3. You have measured the urinary output of your resident at the end of your 8-hour shift. The output is 25 ounces. What should you do next?
- A. Convert the number of ounces into cc.
- B. Convert the number of ounces into cm.
- C. Immediately report this poor output to the nurse.
- D. Know that 25 ounces of urine is too much in 8 hours.
Correct answer: A
Rationale: You should convert the number of ounces into cc because cc is the unit of measurement used to record intake and output accurately. This urinary output falls within normal limits, so there is no need to report it immediately to the nurse. It is essential to report urinary outputs of less than 30 cc per hour to detect potential issues early. Converting ounces into centimeters (cm) is not appropriate in this context as cm is a unit of length, not volume. Knowing that 25 ounces of urine is too much in 8 hours is inaccurate as it depends on various factors like fluid intake and individual differences.
4. During the implementation phase of the nursing process when working with a hospitalized adult, which of the following actions would the nurse take?

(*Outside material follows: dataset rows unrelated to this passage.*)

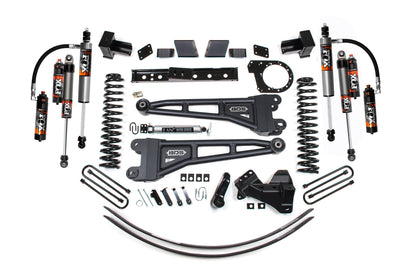 7 Inch Lift Kit w/ Radius Arm Ford F250/F350 Super Duty 20-22 4WD Diesel 6 Inch Block Kit BDS Suspension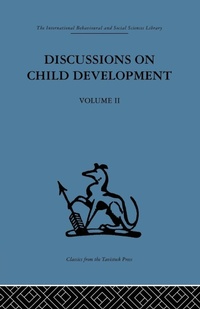 Enlarge image Cover: Discussions on Child Development - Routledge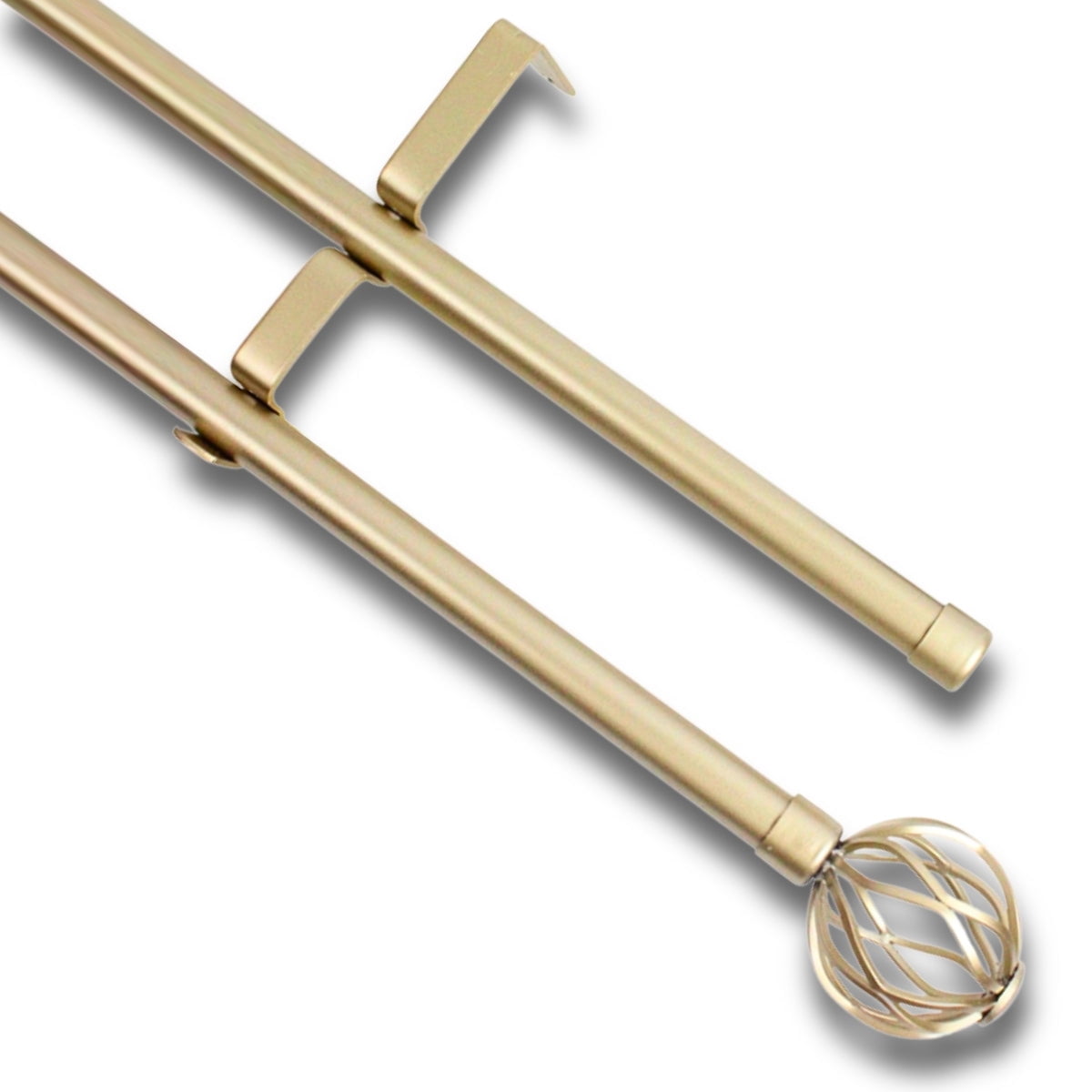 Barras De Cortina 19mm Extensibles Metálicas 120-210 Cm Guiza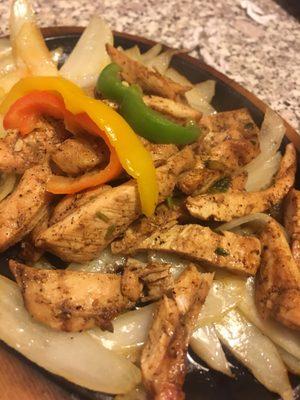 chicken fajitas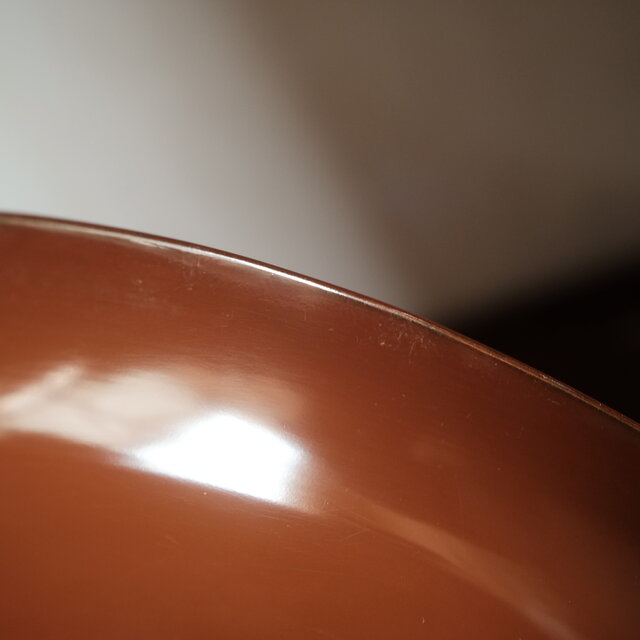 浅型の形状◇時代物 漆芸蓋付椀 古漆器 茶色 骨董・antiques 古民家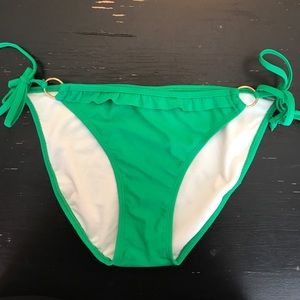 Emerald green bikini bottom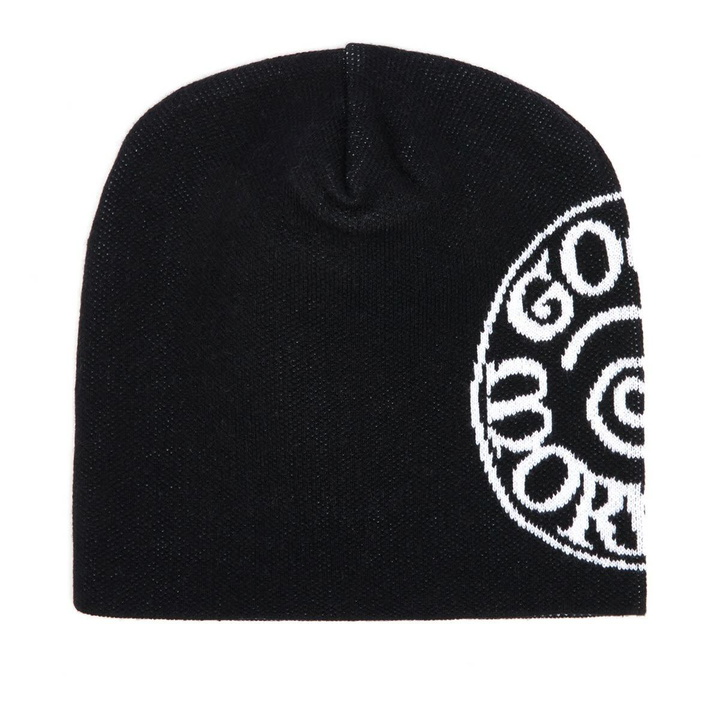Photo: Good Morning Tapes Men's Spiral Beanie in Black 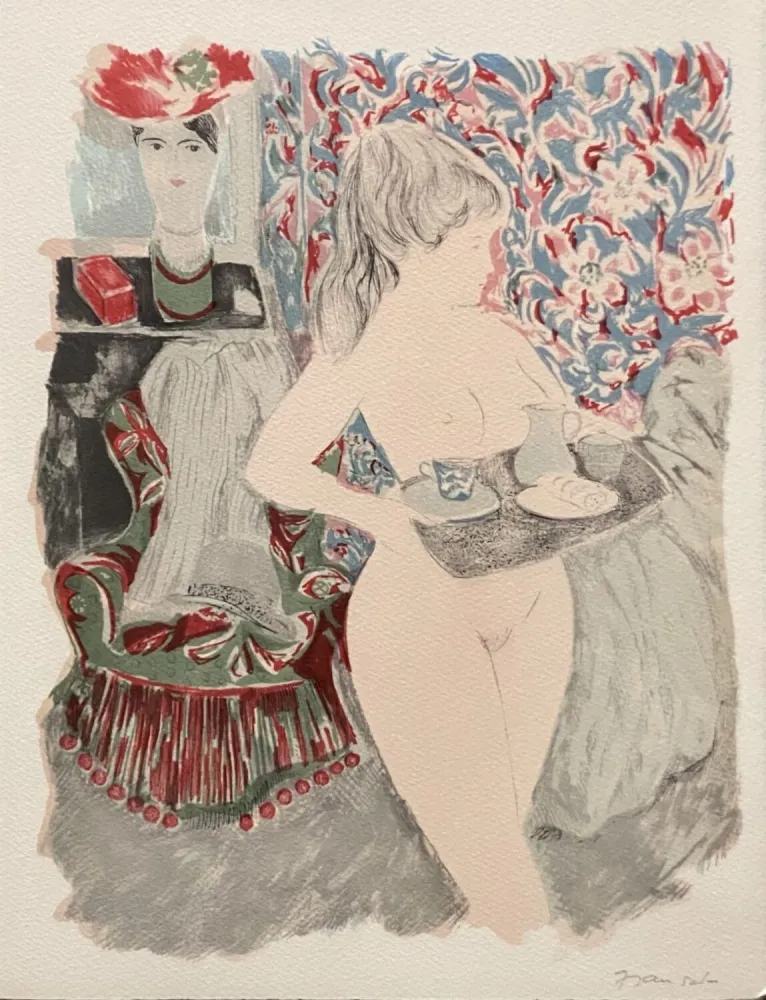 Lithograph Grau Sala - Le petit ami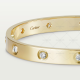 LOVE BRACELET 10D, [Gold/White/Rose]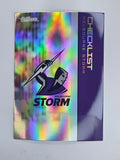 NRL 2025 Traders Silver Parallel #064 Storm Checklist Melbourne Storm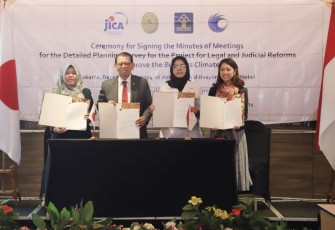 MoM antara Mahkamah Agung dan JICA di Jakarta 
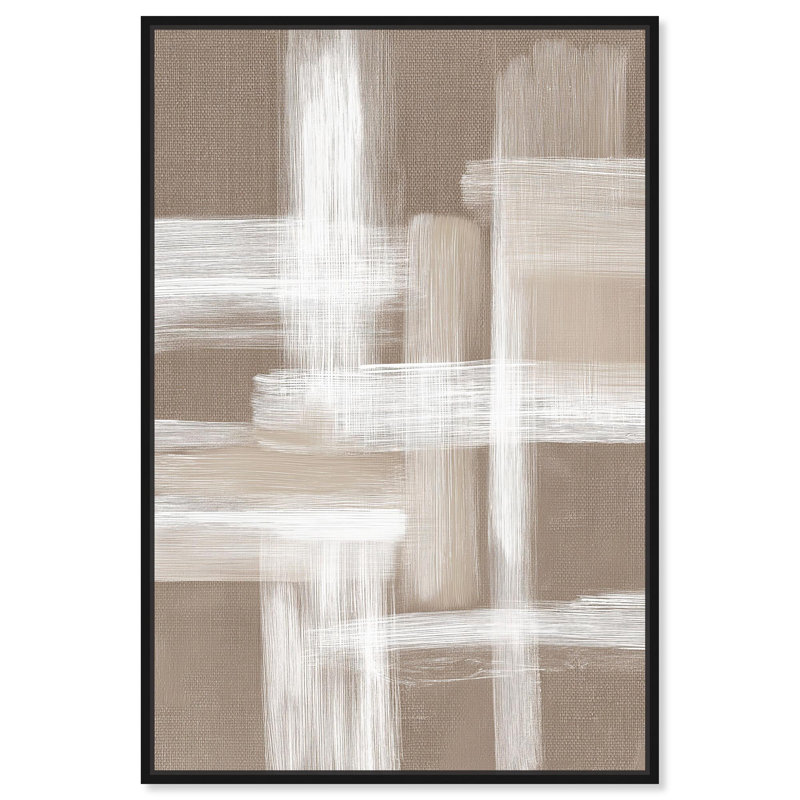 Impression sur toile entrelacée «Forms III» par Art Remedy, Structure noire, H 16 po x l 11 po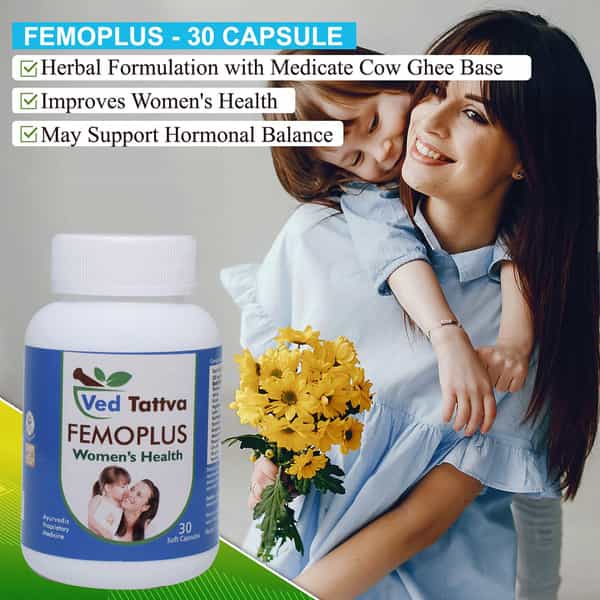 Ved Tattva Femo Plus 30 Capsules Ayurvedic Herbal Formulation For Women's Health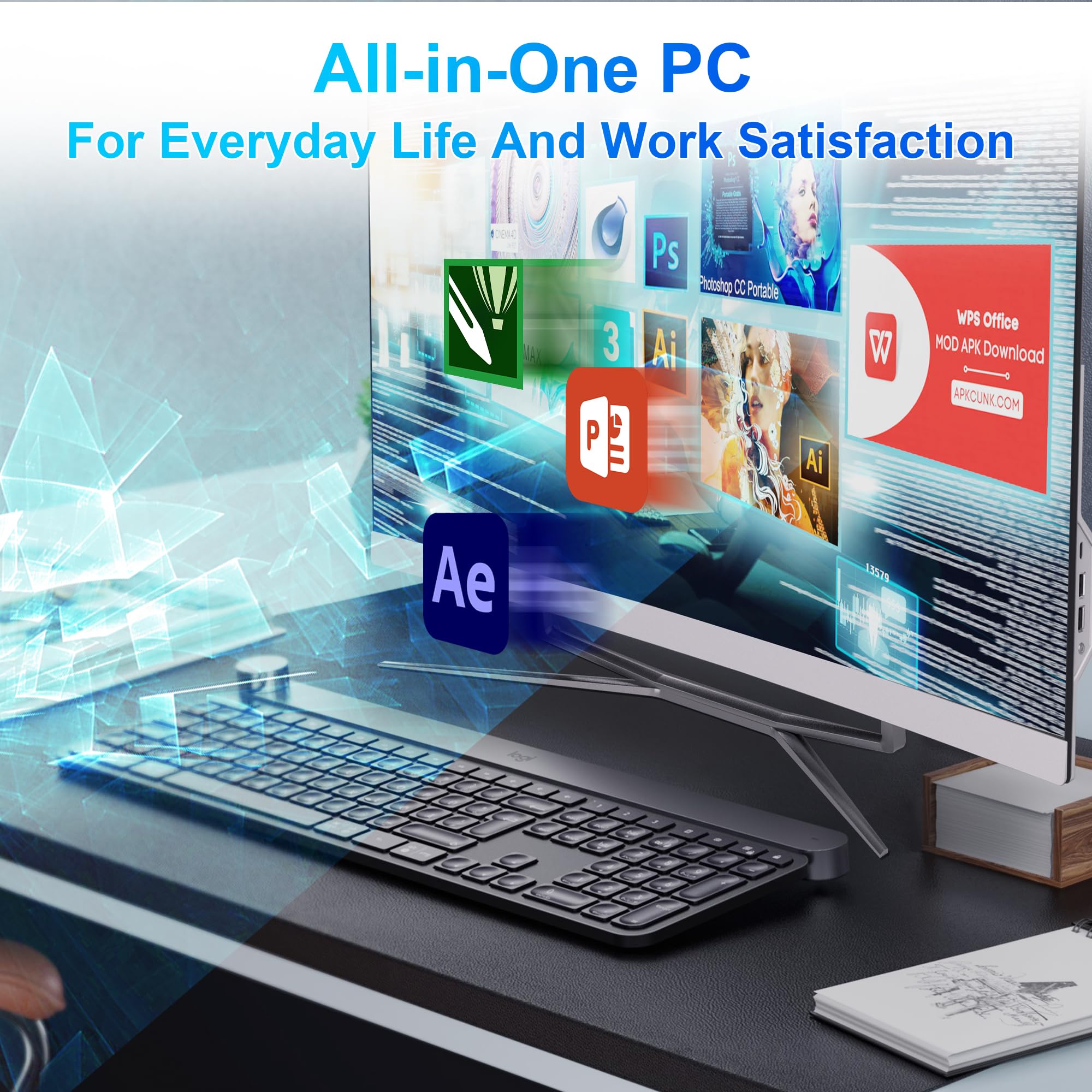 Amazon.com: MECHAZER 27 inch All-in-One Desktop Computer Curved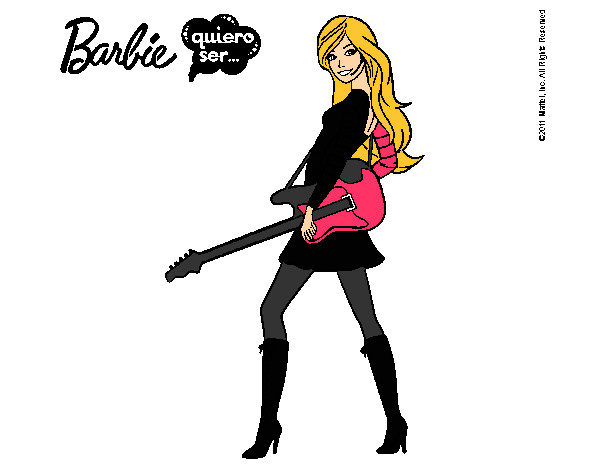 Dibujo Barbie la rockera pintado por jacquiii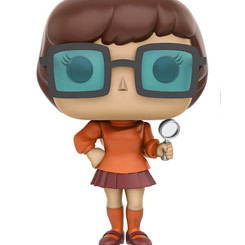 Figura de Velma realizada en vinilo perteneciente a la línea Pop! de Funko. La figura tiene una altura aproximada de 9 cm., y está basada en la serie de televisión Scooby-Doo.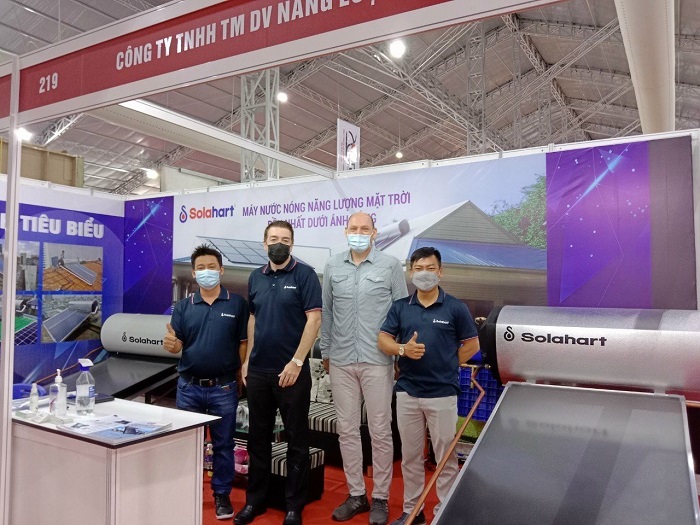 Triển lãm Máy nước nóng Solahart tại Vietbuild Triển lãm Máy nước nóng Solahart tại Vietbuild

- A. Formulate a nursing diagnosis of impaired gas exchange
- B. Record in the medical record the distance a client ambulates in the hall
- C. Write individualized nursing orders in the care plan
- D. Compare client responses to the desired outcomes for pain relief
Correct answer: B
Rationale: During the implementation phase of the nursing process, the nurse is responsible for carrying out or delegating nursing interventions and documenting nursing activities and client responses in the medical records. Option A involves diagnosing, which is part of the nursing process's earlier phases. Option C pertains to planning, which precedes implementation. Option D relates to evaluation, which comes after the implementation phase.
5. What should the nurse anticipate or expect of an American Indian woman seeking help to regulate her diabetes?
- A. Will comply with the treatment prescribed.
- B. Has given up her belief in naturalistic causes of disease.
- C. May also be seeking the assistance of a shaman or medicine man.
- D. Will need extra help in dealing with her illness and may be experiencing a crisis of faith.
Correct answer: C
Rationale: When caring for an American Indian patient seeking help for diabetes, the nurse should anticipate that the patient may also seek the assistance of a shaman or medicine man in addition to biomedical treatment. This cultural practice is common among American Indians who believe in holistic healing involving body, mind, and spirit. It is important for the nurse to acknowledge and respect these cultural beliefs and practices. Choice A is incorrect because patients from different cultures may not always comply with prescribed treatments due to various factors, including cultural beliefs. Choice B is incorrect as patients seeking traditional healing methods do not necessarily give up their beliefs in naturalistic causes of disease; instead, they often complement biomedical care. Choice D is incorrect as assuming the patient is experiencing a crisis of faith is not appropriate; it is more about respecting and understanding the patient's cultural background and beliefs.